Given data -
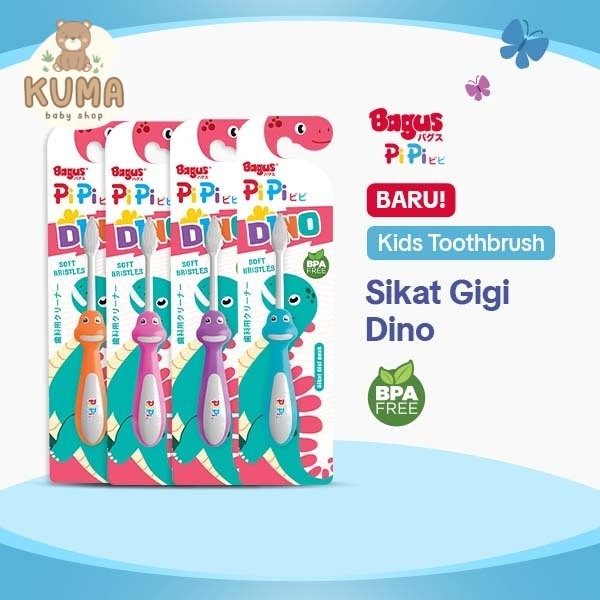 Bagus Toothbrush Sikat Gigi Anak Dino (Warna dikirim Random)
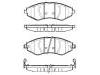 Bremsbelagsatz, Scheibenbremse Brake Pad Set:96405129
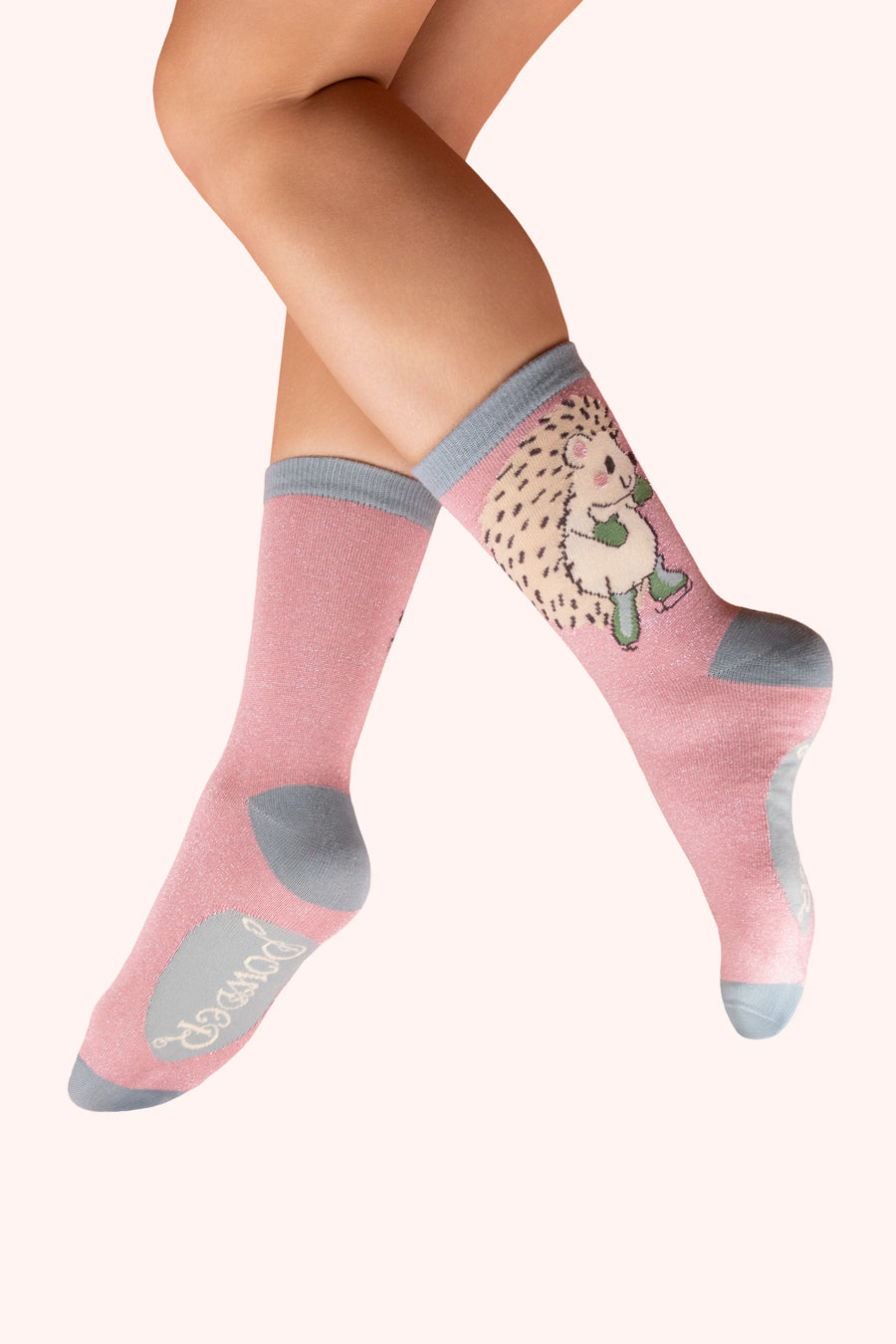 Glitter Ankle Skating Socks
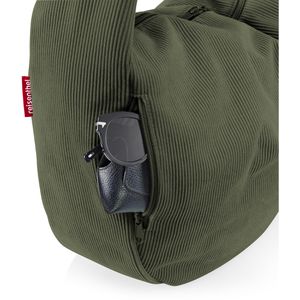 Produktbild für Umhängetasche Reisenthel Moonbag, Polyester, cord dark matcha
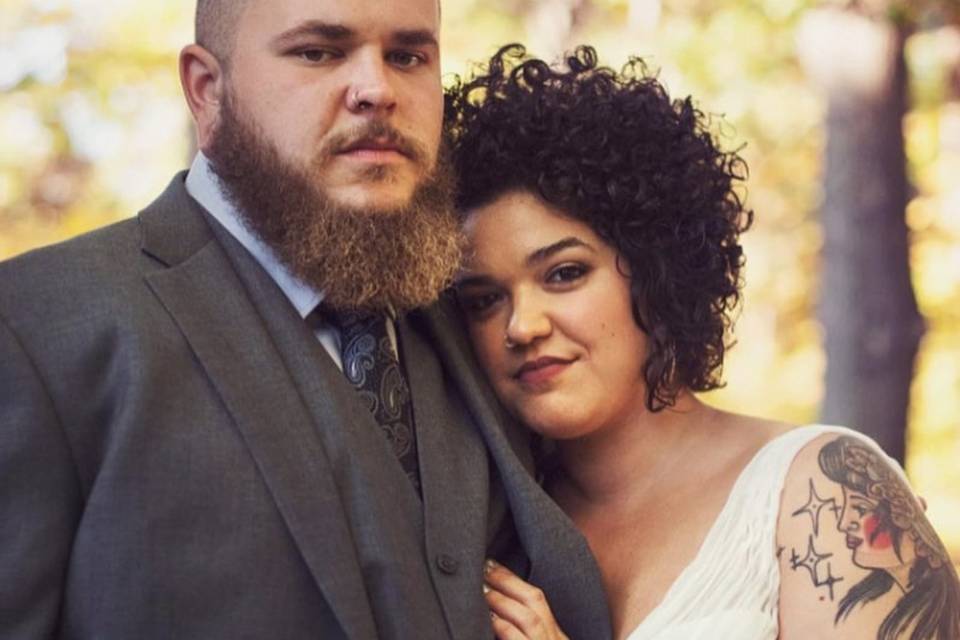 Modern bridal makeup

Work instruction - If an entry contains an image, print the rest of that entry exactly and leave the image out.

Output for this task -
 Bagus Toothbrush Sikat Gigi Anak Dino (Warna dikirim Random)
 Bremsbelagsatz, Scheibenbremse Brake Pad Set:96405129
 Glitter Ankle Skating Socks
 Produktbild für Umhängetasche Reisenthel Moonbag, Polyester, cord dark matcha
 Modern bridal makeup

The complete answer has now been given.